AVAILABLE DATA =
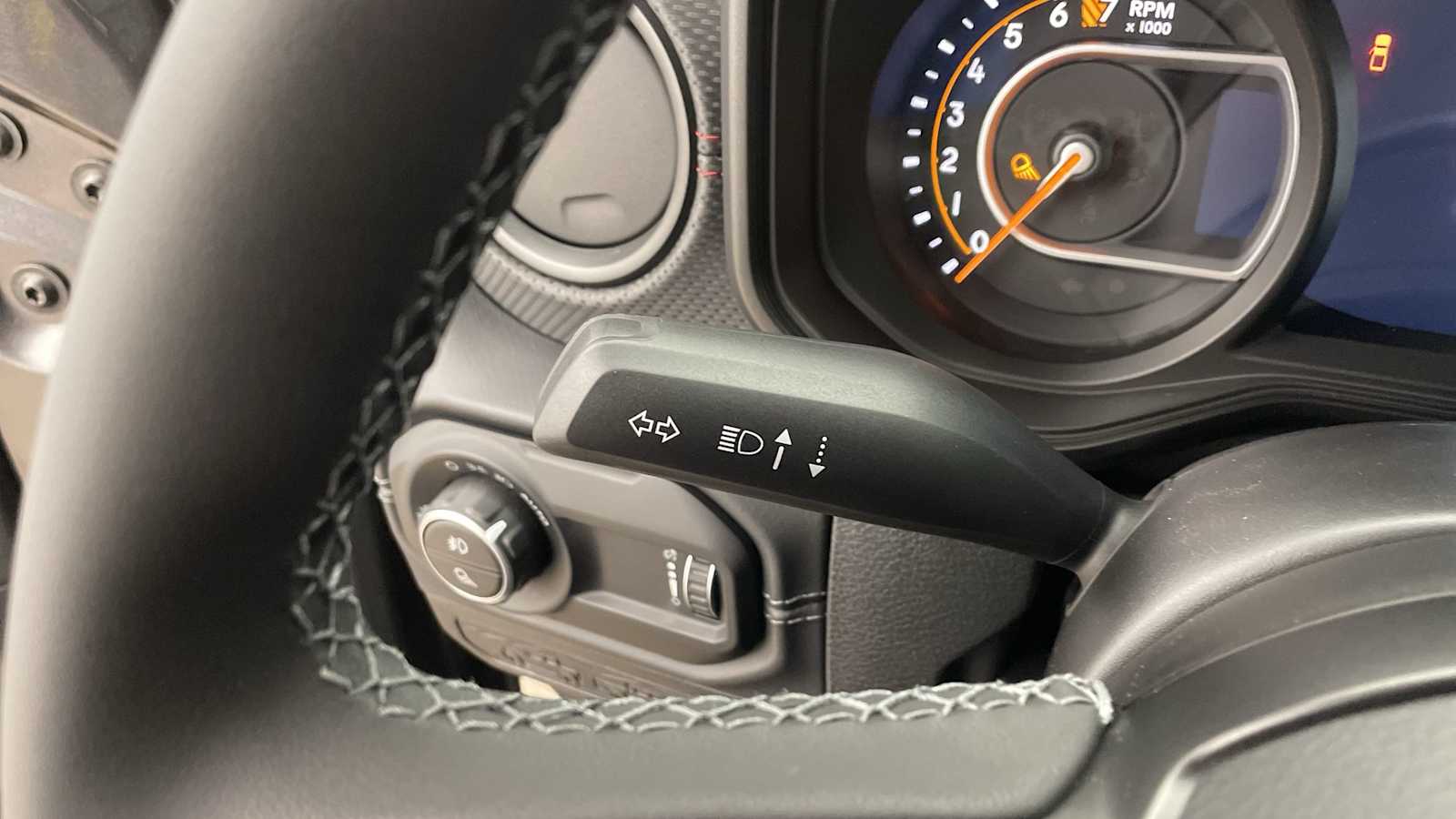 Thumbnail: 2025 Jeep Gladiator - 16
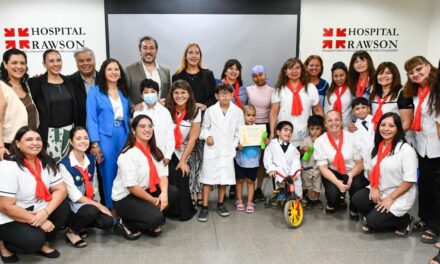 Con profunda emoción, la Escuela Hospitalaria despidió el ciclo 2025 en el Rawson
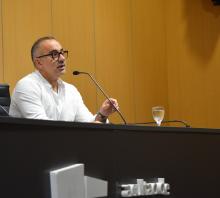 Sesión extraordinaria del Claustro de la FIC y elección del decano Federico Beltramelli. 16/4/2026.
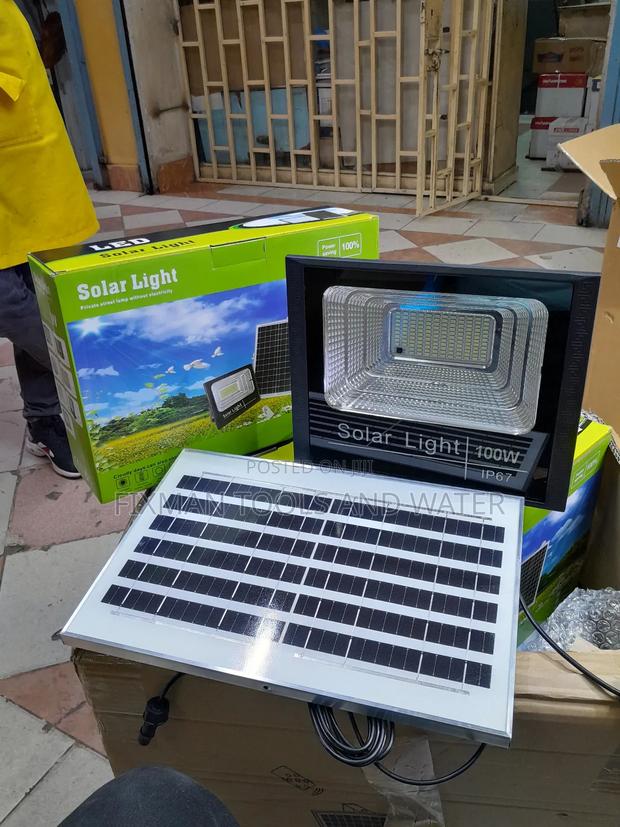 Security Energy Saver Solar Flood Light 100 Watts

WORK INSTRUCTION =
Retype the data in full. Images do not go in the copy.

REPLY TO THE TASK =
 Thumbnail: 2025 Jeep Gladiator - 16
 Con profunda emoción, la Escuela Hospitalaria despidió el ciclo 2025 en el Rawson
 Sesión extraordinaria del Claustro de la FIC y elección del decano Federico Beltramelli. 16/4/2026.
 Security Energy Saver Solar Flood Light 100 Watts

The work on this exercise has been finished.